» **Supplied material**:
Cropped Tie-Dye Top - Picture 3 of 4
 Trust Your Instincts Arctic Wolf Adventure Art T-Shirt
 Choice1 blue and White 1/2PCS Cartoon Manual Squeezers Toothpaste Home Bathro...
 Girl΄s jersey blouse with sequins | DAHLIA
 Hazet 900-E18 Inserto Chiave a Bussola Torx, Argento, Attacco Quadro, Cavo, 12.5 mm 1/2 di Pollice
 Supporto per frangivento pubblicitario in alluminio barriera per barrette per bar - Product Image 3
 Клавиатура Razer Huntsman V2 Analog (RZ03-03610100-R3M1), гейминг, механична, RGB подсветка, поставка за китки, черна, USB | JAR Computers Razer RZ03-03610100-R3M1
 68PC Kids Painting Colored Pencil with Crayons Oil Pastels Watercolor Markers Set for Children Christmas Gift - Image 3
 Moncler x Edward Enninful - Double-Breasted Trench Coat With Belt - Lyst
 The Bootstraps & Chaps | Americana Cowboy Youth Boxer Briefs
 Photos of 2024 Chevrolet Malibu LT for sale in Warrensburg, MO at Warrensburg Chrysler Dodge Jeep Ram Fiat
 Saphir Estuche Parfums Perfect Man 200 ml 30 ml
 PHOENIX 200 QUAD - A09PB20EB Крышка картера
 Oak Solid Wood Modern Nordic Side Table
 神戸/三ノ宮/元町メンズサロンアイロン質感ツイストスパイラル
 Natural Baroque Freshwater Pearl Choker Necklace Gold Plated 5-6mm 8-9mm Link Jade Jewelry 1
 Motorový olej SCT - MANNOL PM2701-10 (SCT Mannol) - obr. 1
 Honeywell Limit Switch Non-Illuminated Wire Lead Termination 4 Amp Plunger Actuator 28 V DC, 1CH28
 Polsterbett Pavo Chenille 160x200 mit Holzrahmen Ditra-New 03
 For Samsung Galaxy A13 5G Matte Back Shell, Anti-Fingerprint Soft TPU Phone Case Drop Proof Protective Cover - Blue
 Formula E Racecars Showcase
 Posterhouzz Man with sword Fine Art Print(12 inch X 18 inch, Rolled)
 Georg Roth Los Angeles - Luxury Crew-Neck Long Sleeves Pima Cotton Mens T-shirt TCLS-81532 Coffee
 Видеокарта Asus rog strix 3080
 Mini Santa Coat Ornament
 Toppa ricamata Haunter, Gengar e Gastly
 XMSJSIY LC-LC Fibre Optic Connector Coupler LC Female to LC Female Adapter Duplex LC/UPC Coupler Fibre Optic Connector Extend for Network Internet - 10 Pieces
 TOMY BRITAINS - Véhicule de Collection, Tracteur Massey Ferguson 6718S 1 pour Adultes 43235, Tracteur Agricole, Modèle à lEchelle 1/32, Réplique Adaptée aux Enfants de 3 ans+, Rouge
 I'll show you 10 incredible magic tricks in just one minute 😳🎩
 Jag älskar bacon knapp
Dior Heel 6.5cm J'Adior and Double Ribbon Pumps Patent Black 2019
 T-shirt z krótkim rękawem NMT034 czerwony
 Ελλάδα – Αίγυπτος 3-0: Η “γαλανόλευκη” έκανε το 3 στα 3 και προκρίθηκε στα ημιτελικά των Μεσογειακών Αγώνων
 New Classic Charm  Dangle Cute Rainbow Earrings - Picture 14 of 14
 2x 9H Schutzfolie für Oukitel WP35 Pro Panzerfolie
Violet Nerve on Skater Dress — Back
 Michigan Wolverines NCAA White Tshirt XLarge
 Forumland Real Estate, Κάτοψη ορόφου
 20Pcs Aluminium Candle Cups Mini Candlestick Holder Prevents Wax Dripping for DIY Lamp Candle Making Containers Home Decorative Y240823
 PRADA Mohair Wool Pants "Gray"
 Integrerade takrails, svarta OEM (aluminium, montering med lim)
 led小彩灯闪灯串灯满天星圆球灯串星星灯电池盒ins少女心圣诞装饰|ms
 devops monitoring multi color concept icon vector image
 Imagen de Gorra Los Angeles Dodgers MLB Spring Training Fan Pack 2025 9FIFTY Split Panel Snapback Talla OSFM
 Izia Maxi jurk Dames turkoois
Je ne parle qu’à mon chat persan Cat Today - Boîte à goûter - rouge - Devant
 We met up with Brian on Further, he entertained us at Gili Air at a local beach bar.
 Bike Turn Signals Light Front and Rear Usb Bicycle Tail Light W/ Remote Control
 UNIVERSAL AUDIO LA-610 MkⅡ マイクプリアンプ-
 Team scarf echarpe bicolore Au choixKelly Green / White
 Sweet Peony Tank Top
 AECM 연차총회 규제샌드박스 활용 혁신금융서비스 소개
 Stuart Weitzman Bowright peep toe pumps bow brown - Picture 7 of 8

» **What the task requires**: Take the lines above from the one containing "For Samsung Galaxy" down to the one containing "Posterhouzz Man with", and transcribe them exactly, both ends included.

» **Answer to this exercise**:
 For Samsung Galaxy A13 5G Matte Back Shell, Anti-Fingerprint Soft TPU Phone Case Drop Proof Protective Cover - Blue
 Formula E Racecars Showcase
 Posterhouzz Man with sword Fine Art Print(12 inch X 18 inch, Rolled)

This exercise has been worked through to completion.